2020 WL 4782369 (11th Cir. Aug. 18, 2020)

 

In this case the Eleventh Circuit Court of Appeals addresses what constitutes “direct physical loss” that triggers coverage.  Specifically, the Court considered whether dust and debris generated by road construction is direct physical loss, and held that it is not.

The Southern District of Florida had excluded the opinions of Plaintiff’s experts and granted the Defendant Sparta’s Motion for Summary Judgment. Mama Jo’s is a Miami restaurant where “interior areas are exposed to the elements” when its retractable awning, wall, and roof system is opened. There was nearby road construction for about a year and a half in the “general vicinity of the restaurant.” “During that time, dust and debris generated by the construction migrated into the restaurant.” The establishment remained open, but customer traffic decreased and the restaurant had to clean daily using its “normal cleaning methods….”

The all-risk insurance policy covered “direct physical loss of or damage to Covered Property … caused by or resulting from any Covered Cause of Loss.” “Covered Cause of Loss” was defined as “Risks of Direct Physical Loss unless the loss is” excluded or limited. Likewise, the policy covered business income loss for necessary suspension of operations when the suspension is caused by “direct physical loss or damage” to the property.

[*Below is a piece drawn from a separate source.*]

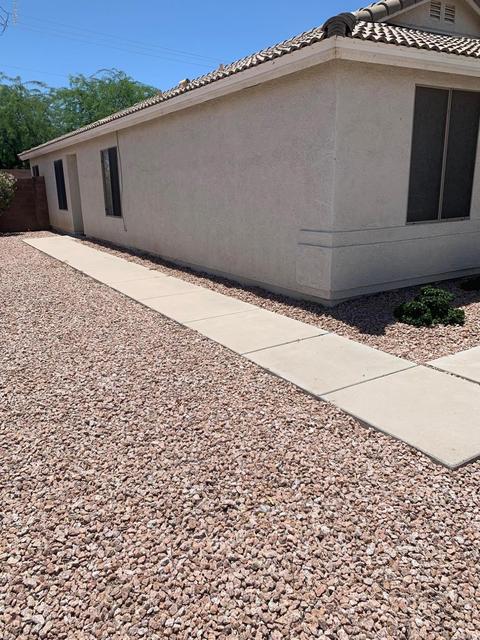 1089 W 7th Ave, Apache Junction, AZ 85120 photo 10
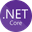 .NET Core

The alleged damage included the cost to “clean and paint the restaurant” for approximately $16,000.00, $300,000.00 in lost sales, damage to the restaurant’s awning and retractable roof system, and HVAC repairs. Sparta denied the claim because there was no physical damage to the property and it was “questionable whether a direct physical loss occurred.” The restaurant sued, adding to the claimed damage its audio and lighting systems. Sparta filed a Motion for Summary Judgment  and a Motion in Limine to exclude the testimony of the restaurant’s experts. The district court excluded the restaurant’s expert opinions regarding the awning, roof, HVAC, audio and lighting systems as based upon “methodologies on the issue of causation [that] were unreliable or nonexistent.” Without the experts’ opinions, the restaurant could not prove the construction dust and debris from 2014 caused the “new” damages first claimed in 2018 and the court granted the Motion for Summary Judgment.

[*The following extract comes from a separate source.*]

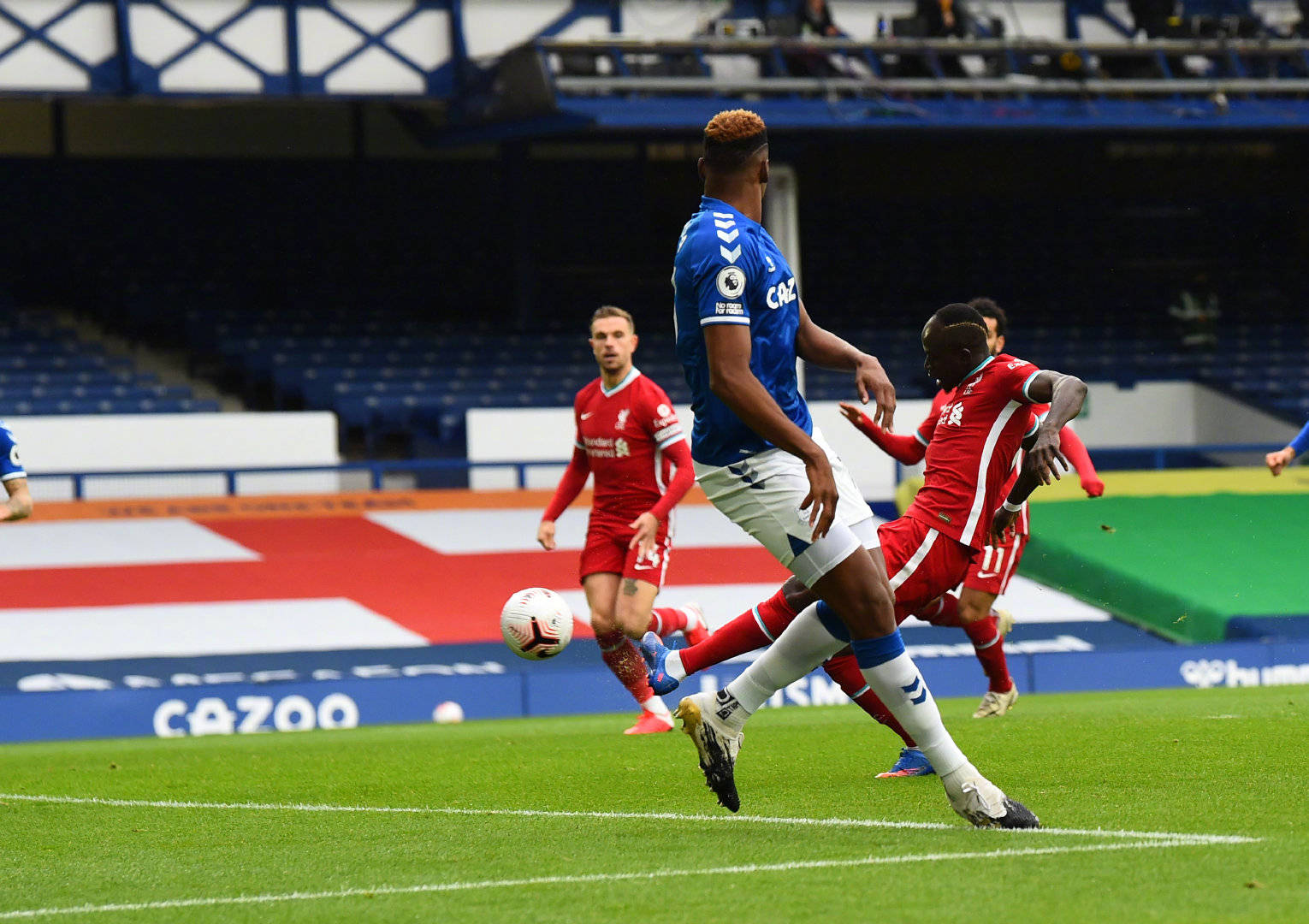 员和教练的 员和教练的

On appeal, the 11th Circuit found the restaurant’s experts used unreliable methodologies and provided testimony that was speculative, unexplained, or unsupported. The Court noted the opinions were based upon visual inspection only and there was lack of testing. In addition, the 11th Circuit upheld the summary-judgment because cleaning and painting costs did not constitute direct physical loss. It followed that the restaurant did not suffer “a direct physical loss of or damage to its property during the policy period” and thus did not have a claim for loss of business income.

In its decision regarding no direct physical loss having occurred, the 11th Circuit relied on  Florida cases Homeowners Choice Prop. & Cas. v. Maspons, 211 So. 3d 1067, 1069 (Fla. 3d DCA 2017) and  Vazquez v. Citizens Prop. Ins. Corp., ––– So.3d ––––, ––––, 2020 WL 1950831, at *3 (Fla. 3d DCA 2020).